The evolution of the gaming medium since “Pong” has allowed for the local YMCA facility to reach out to youth in a non-traditional sense, while sticking to the core values of traditional athletics and the YMCA.
“While (the YMCA) did not invent esports by any means,” Sebring said, “we definitely think that this is a great opportunity for us to continue to engage in a new way, a generation or two that see the world differently than a lots of us.”
Grilli, who spent parts of 15 seasons in the majors with a stint on the Pittsburgh Pirates spanning portions of four seasons, emphasized that gaming is another way for camaraderie to be built.
“I got chills when I heard the other speakers and how (esports) fits into the mold of where they see they learn more about it,” Grilli said. “I think knowledge is power in anything that we do. Everybody’s had a knock on video games, saying, ‘Kids just lock themselves in their rooms.’ But then you see the team aspect of this. As a professional athlete, seeing even my own teammates, they would play video games instead of playing darts or shooting a basketball to lock in. I understand that concept. We all connect in different ways, even if it’s digitally. We’re all behind a screen, doesn’t matter what capacity. To now see where they can take a game that’s digital and make a team concept from it … Collectively, just from a mental and emotional standpoint, what it does for a human being who might not have that opportunity before, it’s really chilling.”
Rigby admitted that he was taken back when first learning about how gaming can be positively woven into the lives of young people, but he has since embraced the idea.
“We need the people, we need the public to know that it is out there,” Rigby said. “Because not everybody is an athlete. Not every kid who wants to go to an after-school event or safe haven wants to play basketball or volleyball, so this is such a great thing to open the eyes of so many parents like me that didn’t know these things existed.”

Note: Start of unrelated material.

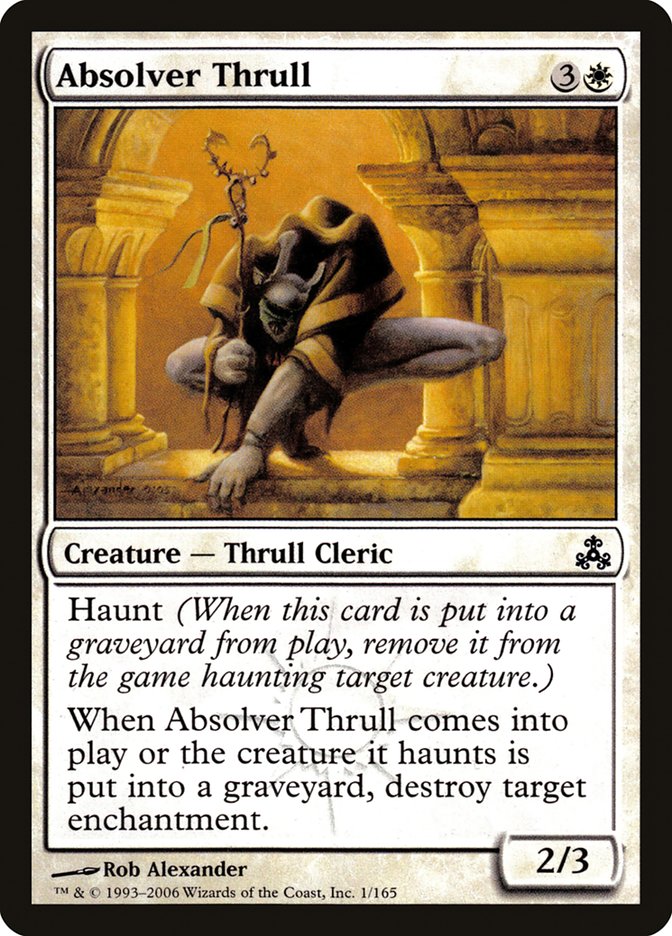 Absolver Thrull – Common Magic: The Gathering card from Guildpact (#1)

Arcurio, who along with Mason helped to establish the esports program at Greater Johnstown High School, has witnessed first-hand the positive impact that it has had on students within the district emphasizing that opportunities beyond the classroom are crucial in pushing pupils to consistently attend school .
“I put a sign-up sheet out at Greater Johnstown High School and asked kids, ‘Are you interested in this?’ Arcurio said. “Seventy-two students signed up within the first hour. We looked at the list and we didn’t know a lot of those kids. They weren’t the kids that were on the radar. I really knew at that time that it was that hook for those kids to be involved, to have a sense of belonging and to be included at our high school.”
The three-day weekend event is set to feature gaming tournaments for titles such as “Madden NFL 22,” “Halo” and “Rocket League” with over $10,000 in prize money spread out between the games which will be contested July 15-16 in the arena.
Part of the competitive side of the convention will be packaged into a college combine, giving students in high school and college a chance to show their skills to colleges that offer esports programs, such as St. Francis University in Loretto and Mount Aloysius College in Cresson .
“What we’re seeing with esports in the past five years is every college, every high school is kind of rushing to get it going,” Wingard said. “Luckily in our region in what Seth has done with high schools and (former St. Francis esports coach) Luke Despite did at St. Francis, we’re already there.”
The gaming-centric gathering is also presenting a vendor fair focused on career and education opportunities under the esports and technology umbrella. Mason also noted that giveaways, a concert at Peoples Natural Gas Park and an esports night promotion in conjunction with the Johnstown Mill Rats for their July 15 game against Champion City at Sargent’s Stadium at the Point will be a part of the weekend’s festivities.